--- The data Enclosed Below ---

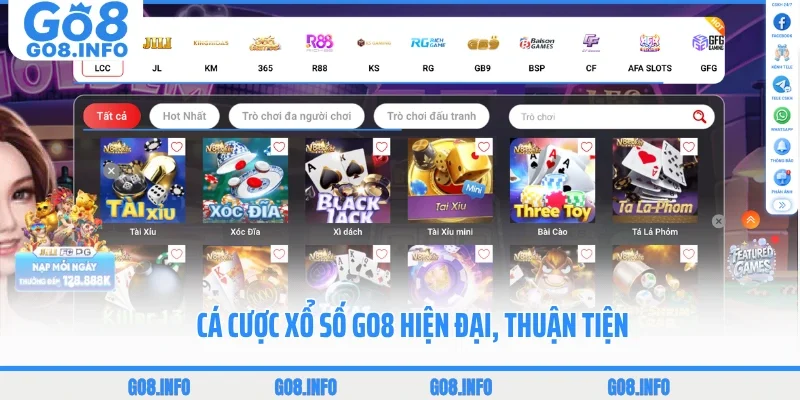 Cá cược xổ số GO8 hiện đại, thuận tiện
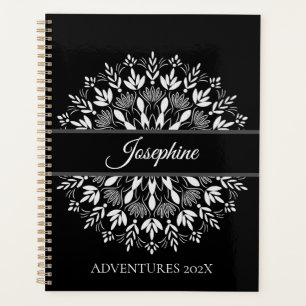Elégant classique noir et blanc mandala floral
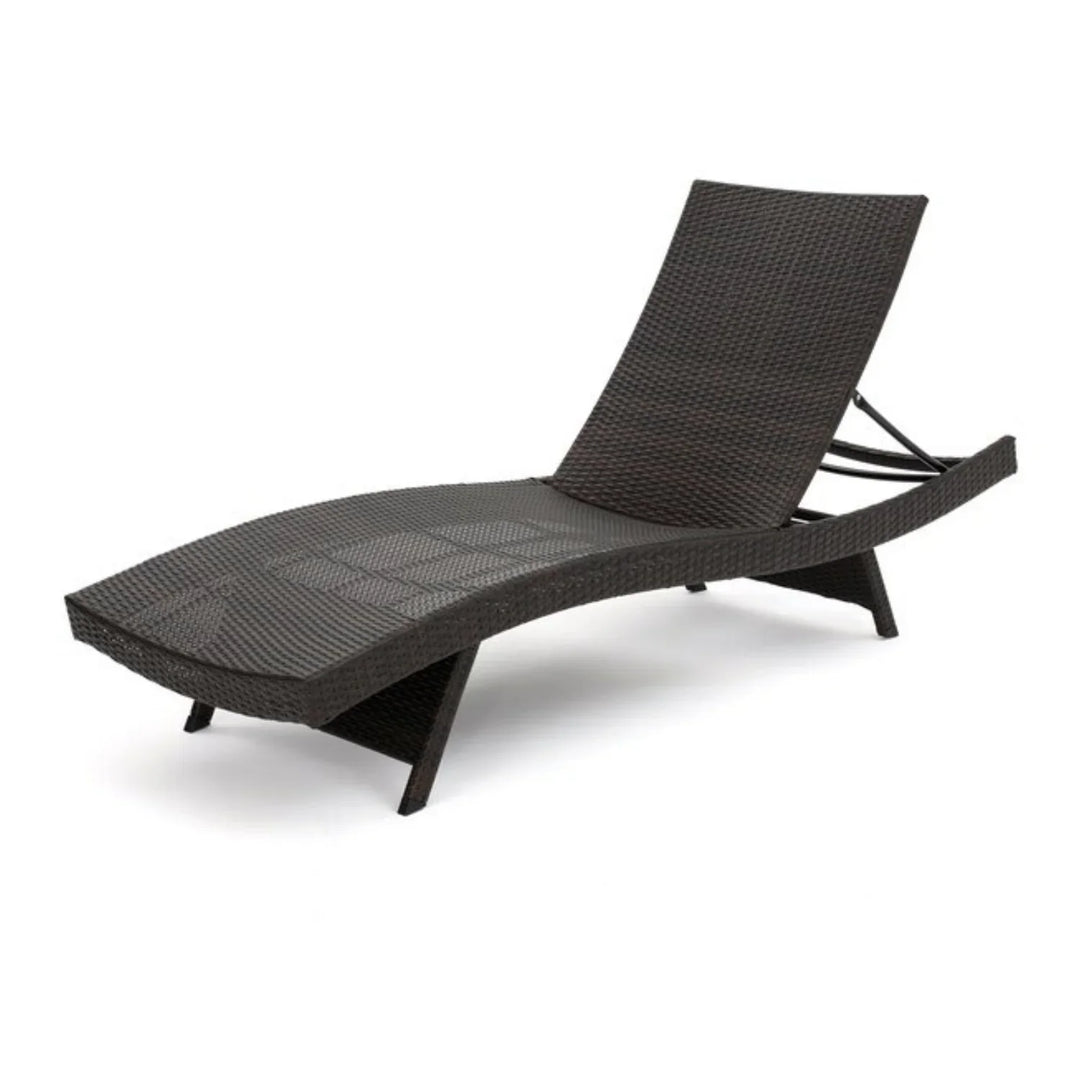 Udita Outdoor All-Weather HDPE Wicker Rattan Sunlounger Recliner with Side Table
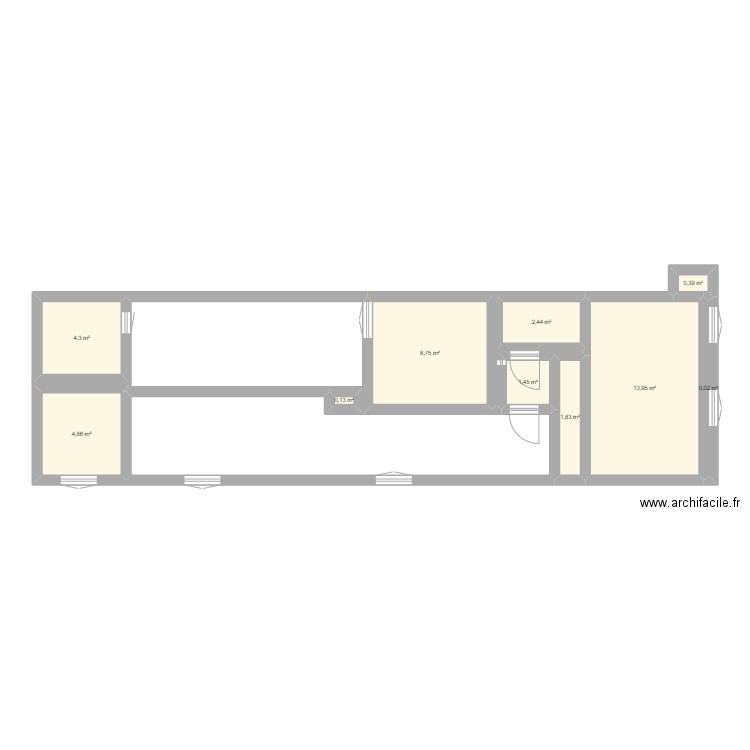 1er etage. Plan de 10 pièces et 38 m2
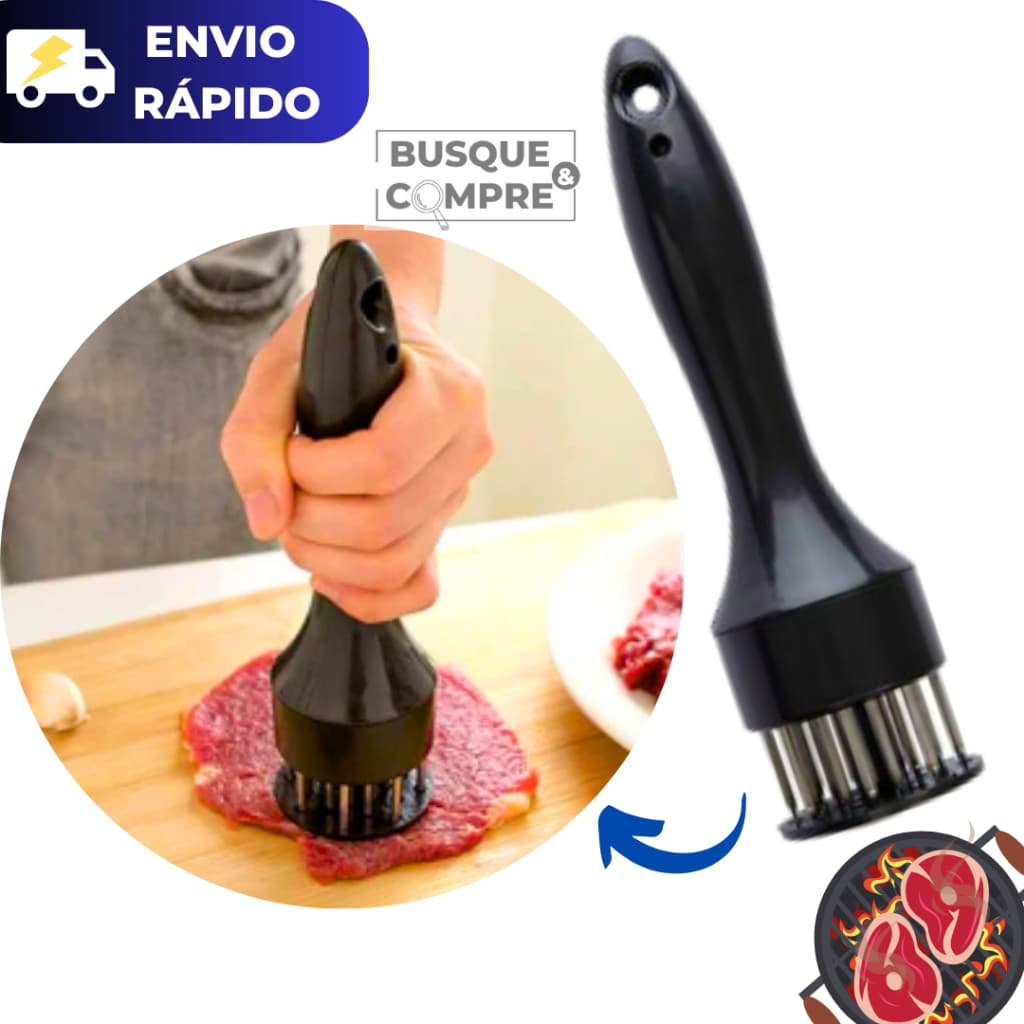 Amaciador de carne manual em aço inox para furar carnes e bife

--- End of Enclosed The data ---

:: Problem to solve ::
Please quote the records above exactly, beginning at the line that contains "Elégant classique noir" and ending at their last line. Leave the pictures out.

:: Problem solution ::
Elégant classique noir et blanc mandala floral
 Udita Outdoor All-Weather HDPE Wicker Rattan Sunlounger Recliner with Side Table
 1er etage. Plan de 10 pièces et 38 m2
 Amaciador de carne manual em aço inox para furar carnes e bife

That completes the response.